Special Cases of Systems of Equations

Section 6.4 Special Cases of Systems of Equations

In the last sections, we used two different strategies to combine the equations to get rid of one of the variables so we could solve for the other. In this section, we will look at what happens when both variables cancel out during that process.

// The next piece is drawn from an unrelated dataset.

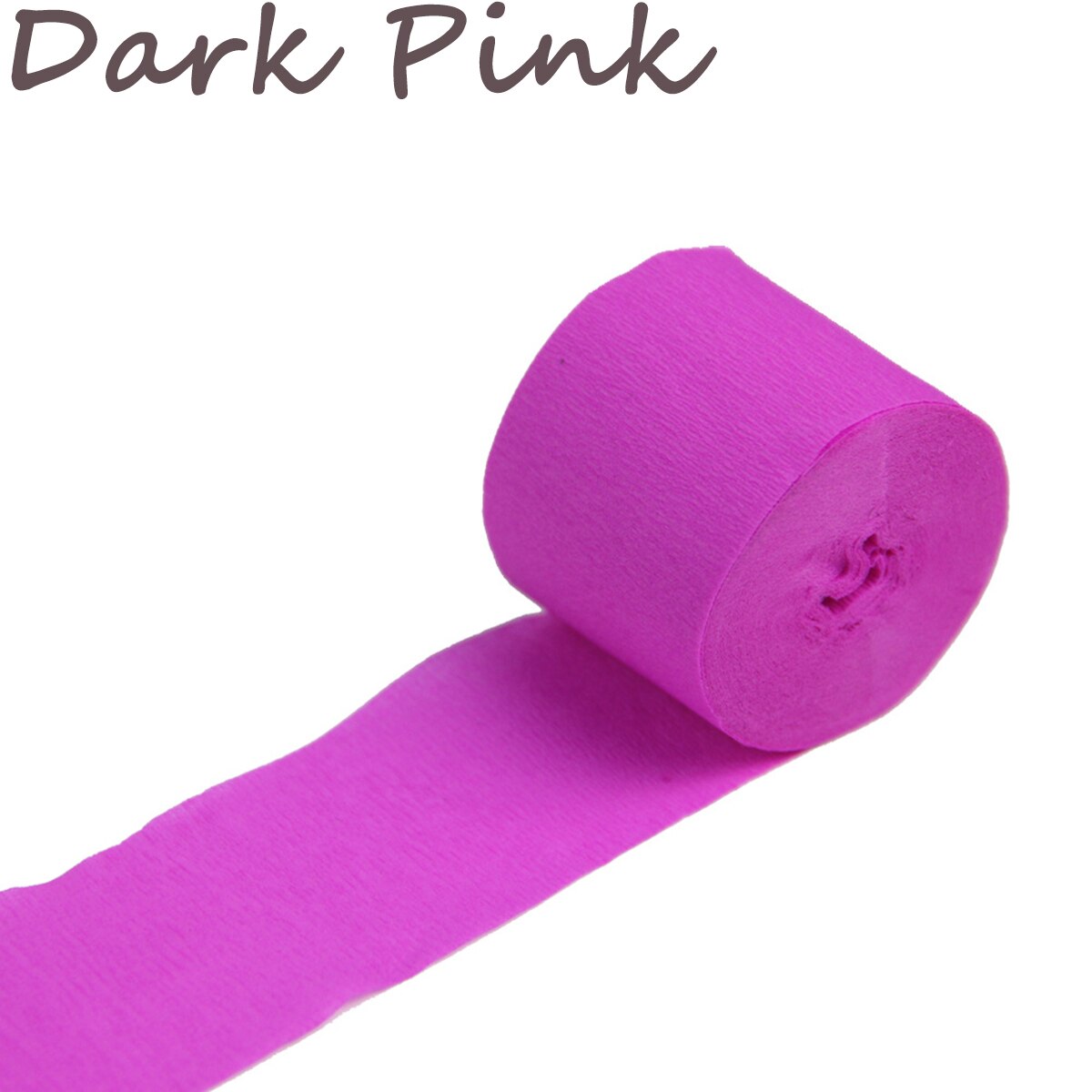 1 Roll 3.5 Cm * 10 M Crinkled Crêpepapier Bloem Wikkelen Diy Scrapbooking Craft Voor Verjaardagsfeestje Festival Kerst decoratie: dark pink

In this section, we will use substitution in the examples because that is the author's preferred strategy. However, these two special cases will also happen when you use elimination, and the way you identify them is exactly the same.

Example 6.14.

Let's try to solve the system of equations

\begin{equation*} \begin{cases} y \amp= 3x-1\\ 5 \amp= -3x+y\\ \end{cases} \end{equation*}

Since we already have \(y\) by itself in the first equation, we will plug that into the second equation:

\begin{align*} 5 \amp= -3x+y\\ 5 \amp= -3x+(3x-1)\\ 5 \amp= -3x + 3x - 1\\ 5 \amp= -1 \end{align*}

When we tried to simplify this equation, both of the \(x\)'s canceled out, and we are left with a nonsense statement. Since \(5\) is never equal to \(-1\text{,}\) there is no way to make both equations true at the same time. Thefore, this system has no solution.

Example 6.15.

Let's try to solve the system of equations

\begin{equation*} \begin{cases} x \amp= 3-y\\ -2x \amp= 2y-6 \end{cases} \end{equation*}

Since we already have \(x\) by itself in the first equation, we will plug that into the second equation:

\begin{align*} -2x \amp= 2y-6\\ -2(3-y)\amp=2y-6\\ -6 + 2y\amp=2y-6\\ -6 \amp=-6 \end{align*}

When we tried to simplify this equation, both of the \(y\)'s canceled out, and we are left with a true statement. Therefore, there are lots of ways to make both equations work at the same time. In fact, this system has infinitely many solutions.

Fact 6.16.

When you are solving a system of equations and both variables cancel out, there are two possibilities:

If you are left with a nonsense statement, then there is no solution.
If you are left with a true statement, then there are infinitely many solutions.

Checkpoint 6.17.

Solve the following system of equations.

\begin{equation*} \begin{cases} 5 \amp= 2x-y\\ -10 \amp= 2y-4x \end{cases} \end{equation*}

Answer.

Infinitely many solutions

Solution.

Let's start by solving the first equation for \(y\text{:}\)

\begin{align*} 5 \amp= 2x-y\\ 5 - 2x\amp= -y\\ 2x-5 \amp= y \end{align*}

Now, let's plug that into the second equation:

\begin{align*} -10 \amp= 2y - 4x\\ -10 \amp= 2(2x-5) - 4x\\ -10 \amp= 4x - 10 - 4x\\ -10 \amp= -10 \end{align*}

All of our variables canceled out, and we are left with a true statement. Therefore, this system has infinitely many solutions.

Checkpoint 6.18.

Solve the following system of equations:

\begin{equation*} \begin{cases} x \amp= 5y-4\\ 9 \amp= 5y - x \end{cases} \end{equation*}

Answer.

No solution

Solution.

Since the first equation already has \(x\) by itself, let's plug that into the second equation:

\begin{align*} 9 \amp= 5y-x\\ 9 \amp= 5y-(5y-4)\\ 9 \amp= 5y - 5y + 4\\ 9 \amp=4 \end{align*}

All of our variables canceled out, and we are left with a nonsense statement. Therefore, this system has no solution.